> **What the task requires**
Write out the listing verbatim. No pictures belong in it.

> **Input data**
- - -

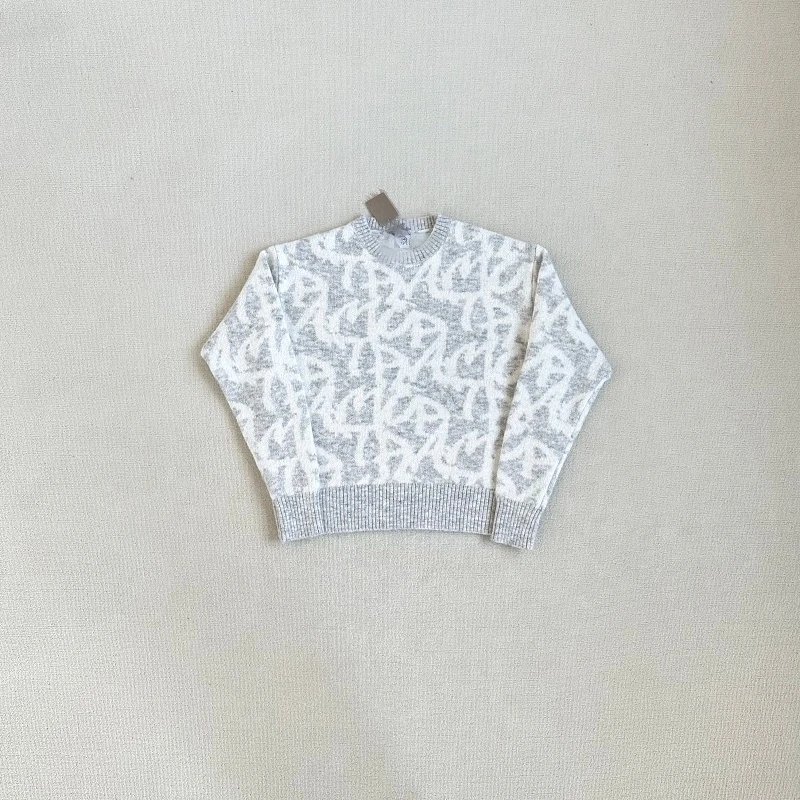 Abstract Pattern Gray White Knit Crewneck Sweater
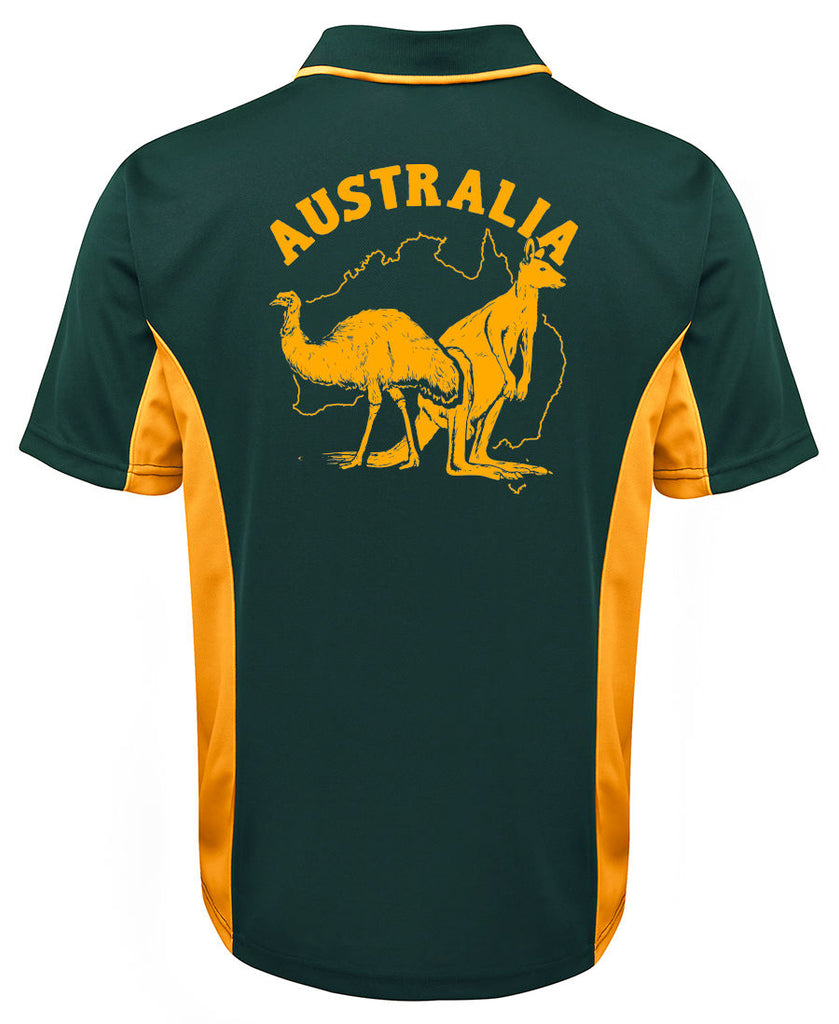 Australia Kangaroo and Emu Polo (Green with Gold Sides) - Back Print
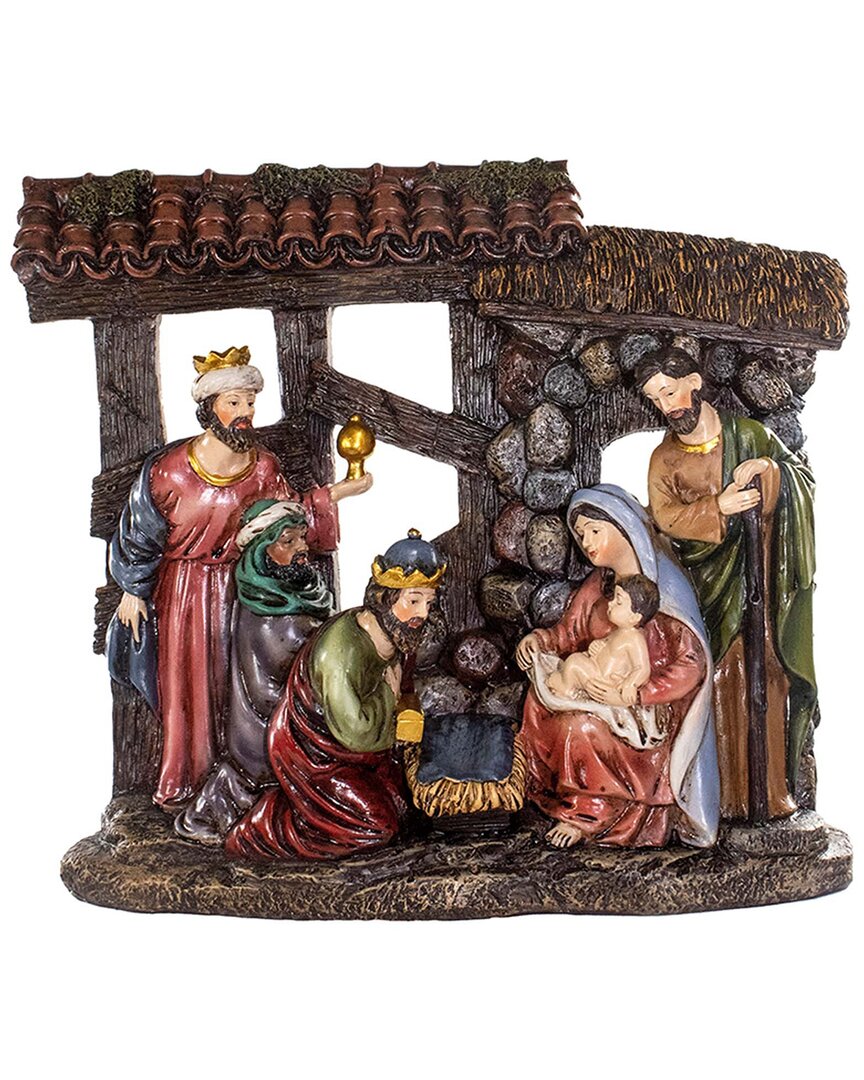Kurt Adler Nativity Set In Brown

- - -

> **Task answer**
 Abstract Pattern Gray White Knit Crewneck Sweater
 Australia Kangaroo and Emu Polo (Green with Gold Sides) - Back Print
Kurt Adler Nativity Set In Brown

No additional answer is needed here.